Taxe spécifique aux banques

Les nouveaux bancophobes

d'Lëtzebuerger Land vom 29.04.2010

Les banques peuvent bien payer pour la crise qu’elles ont déclenchée : le catéchisme haineux qu’ont prodigué certains éléphants du LSAP tout au long des négociations de la Tripartite est non seulement caricatural, mais dangereux pour l’économie luxembourgeoise qui s’appuie essentiellement sur ses capacités à attirer les très volatils capitaux étrangers. Il n’y a pas de mystère à la présence au grand-duché de gros fonds d’investissement ou des holdings milliardaires en euros : les ponctions sur leurs flux y sont faibles et les autorités plutôt accommodantes avec le grand capital. Le gouvernement n’entend d’ailleurs pas rompre avec sa réputation de pays business friendly. Le ministre CSV des Finances Luc Frieden doit plus que jamais tremper ses boutons de manchette dans le cambouis pour contribuer à ouvrir de nouveaux horizons à un secteur financier en panne de revenus.

Sous la pression d’une population particulièrement sensible aux discours stigmatisant les banquiers, le Premier ministre Jean-Claude Juncker est bien obligé de donner des gages à l’aile gauche de son gouvernement qui lui réclame de « faire les poches » des établissements de crédit, dont certains furent sauvés de la faillite par l’argent du contribuable luxembourgeois. Le gouvernement, qui s’est jusqu’ici montré opposé à l’introduction d’une taxe sur les services financiers pour autant qu’elle ne frappe pas toute l’Europe, afin de ne pas créer des distorsions de concurrence entre les différentes places financières, marche ici sur des œufs.
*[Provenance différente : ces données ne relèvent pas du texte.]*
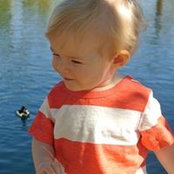 Laura Becher Schuelke's photo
Les dirigeants de l’Association des banques et banquiers Luxembourg l’ont d’ailleurs averti qu’une taxe bancaire imposée de façon unilatérale aux banques constituerait « un signal psychologique » désastreux pour le gouvernement qui donnerait ainsi aux acteurs de la place financière le sentiment « qu’ils ne sont pas le bienvenu au pays ». Un geste hostile, comme l’introduction d’une taxe spécifique aux banques, mettrait à mal tous les efforts accomplis au cours des dix dernières années par les autorités pour convaincre les investisseurs de la supériorité des services financiers qui leur sont prodigués au grand-duché, au-delà du secret bancaire et de la fiscalité.

Pour ne pas créer l’affolement des opérateurs, mais aussi montrer à l’opinion que le secteur financier n’échappera pas à l’effort de guerre demandé à tous pour assainir les finances publiques, le gouvernement a trouvé la parade. D’abord, il prévoit de faire passer l’impôt de solidarité à charge des sociétés de son niveau actuel de quatre pour cent à cinq pour cent. Les principaux contributeurs seront les banques. Ensuite, il entend imposer un taux unique de 1,2 pour cent de contribution des entreprises à l’Assurance accident (AA). Les prélèvements sur la masse salariale dépendent actuellement de la classe de risque : un artisan paie davantage (le taux va jusqu’à six pour cent) qu’un bureau d’études par exemple. Pour le secteur financier, qui présente peu de risques d’accidents de travail, si ce ne sont ceux liés aux trajets, cela signifierait une hausse de 0,75 pour cent de sa contribution qui est actuellement de 0,51. Pour Jean-Claude Juncker, ce serait un coup double qui lui permettra d’abord de vendre le taux unique de contribution à l’AA comme une variante luxembourgeoise de la taxe financière et ensuite de se poser en grand rassembleur des entrepreneurs de tous les secteurs, qui avaient tendance à tirer à hue et à dia. Ainsi, les banques montreront de manière plus visible leur solidarité avec le reste de l’économie, notamment les petites et moyennes entreprises – que la crise a souvent laissées exangues –, dont la charge à l’AA va être considérablement allégée. Le système de bonus-malus, encore à mettre en place, devrait d’ailleurs rendre la facture assez indolore pour le secteur financier.